Prairie View

Sunday, March 02, 2008

When Old People Make Music

This morning it was our turn to participate in the service at Mennonite Manor. While I stood up front and sang along with others from our churches, I mused on how some of the feeble elderly participate in and love music after many of their other capabilities have been stolen from them.

When it was time for people in the audience to choose songs for the group to sing, one elderly gentleman in a wheelchair chose "Just a Closer Walk With Thee." His wife, after her husband had repeated the number for her and she found it, held a songbook with the words. He never looked at it. He threw back his head and sang with a strong, clear resonant voice, even inserting some of the echoing words in the versions that are not dumbed down for old people. He closed his eyes part of the time, and moved his head slightly with the emotion of the moment. Watching him, my heart listened closely to the words of the song, and I was blessed to "hear" them through that man's experience, even though he was a stranger to me, and I did not know his past. His evident yearning became my prayer as well.

I thought of another resident of the Manor who we first met when she was 96 years old. As a wife and mother many years earlier, Lida welcomed into their home her son's college friend who was a student from Japan. The student had returned to Japan after college, apparently did well financially, and never forgot his "family" in America. He visited them every year. The son who had befriended him was tragically killed in a car/pedestrian accident shortly before we learned to know Lida, but Hideyo kept coming back to visit Lida at the nursing home. Mutual friends introduced us, and we invited both of them to our house for Sunday dinner.

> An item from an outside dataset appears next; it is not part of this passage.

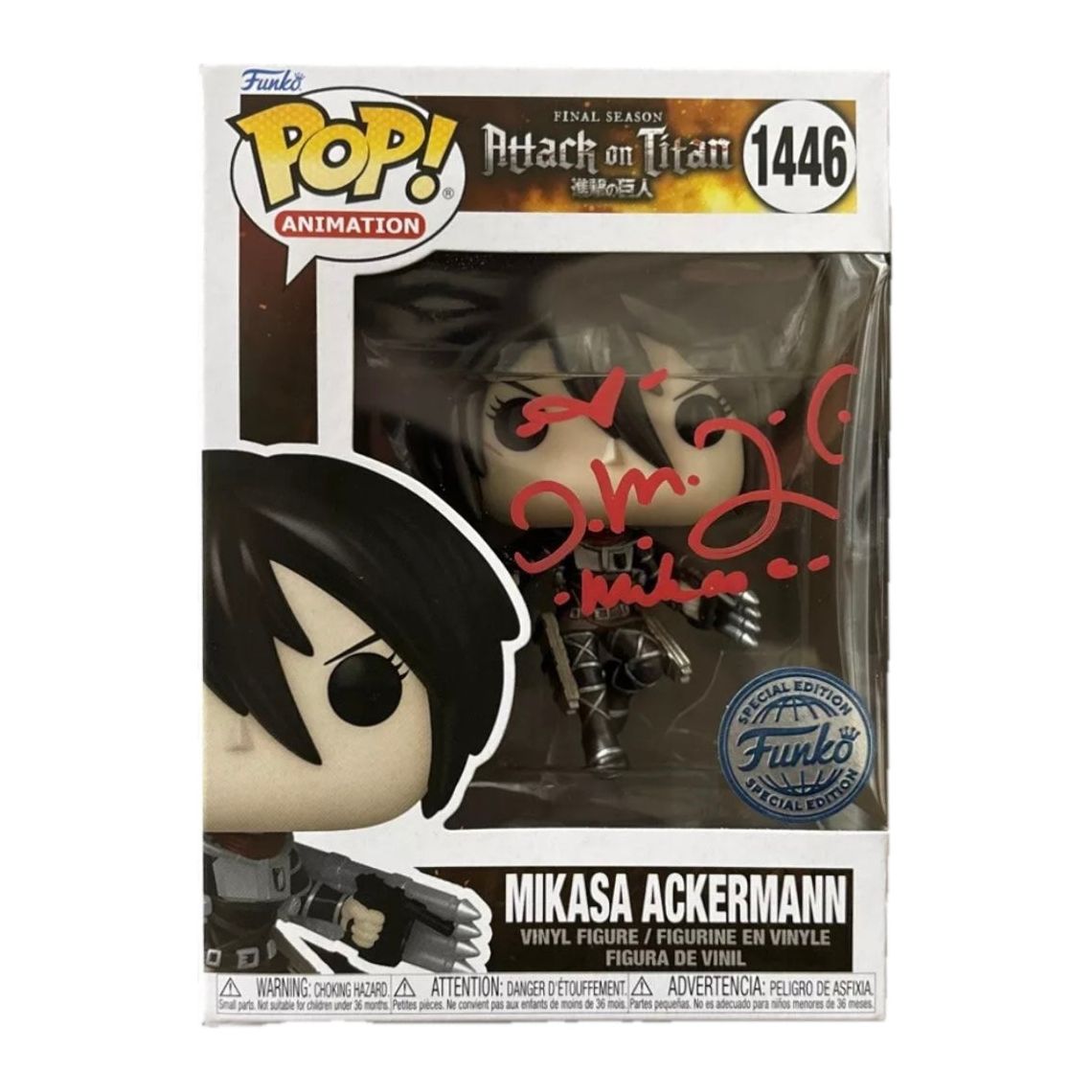 Trina Nishimura signed Mikasa Ackermann Funko POP! AoT #1446 Special Ed JSA Authenticated autograph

Somewhere along the line we learned that Lida played piano beautifully and often played in the chapel at the nursing home. She had taught piano students for many years. When we saw how much she had enjoyed the drive we took on the Sunday afternoon she was at our house, we invited her to accompany us to a piano and voice recital event at which our son Shane sang.
She was ever-so-grateful, but ruefully remarked about the piano teacher "I was a lot harder on my students than she was. I made them memorize their pieces." Lida moved later to Indiana where another of her sons lived and we've lost track of her. But the memory of that gracious, intelligent, musically accomplished lady puts a smile on my face every time I think of her.

Another friend, Yvonne, tells about her mother, who lost her speech and the use of her one arm as the result of a stroke. But with her good hand, she could still pick out a tune on the keyboard and sing along with her playing. She often repeated the hymns she had heard most recently in church.

It must be that the the ability to make music is buried so deep in our personhood that it survives ravages fatal to many other more peripheral skills.

When Winnie-the-Pooh was stuck in the door to rabbit's home (from eating too much of rabbit's food) and had to stay there until he shrank down enough to be able to push on through, he requested that those who read to him to help pass the time would read "sustaining" kinds of stories.

I do not play a musical instrument, and I do not distinguish myself by my singing ability. But I like to think of the music "stories" I'm filing away now as having a reading-to-Winnie-the-Pooh kind of quality. In the future, when I feel a great need for "sustaining" kinds of experiences, I believe that sung stories will come to my aid. Yvonne's mother, Lida, and the unnamed man at Mennonite Manor all show me that it has happened for others.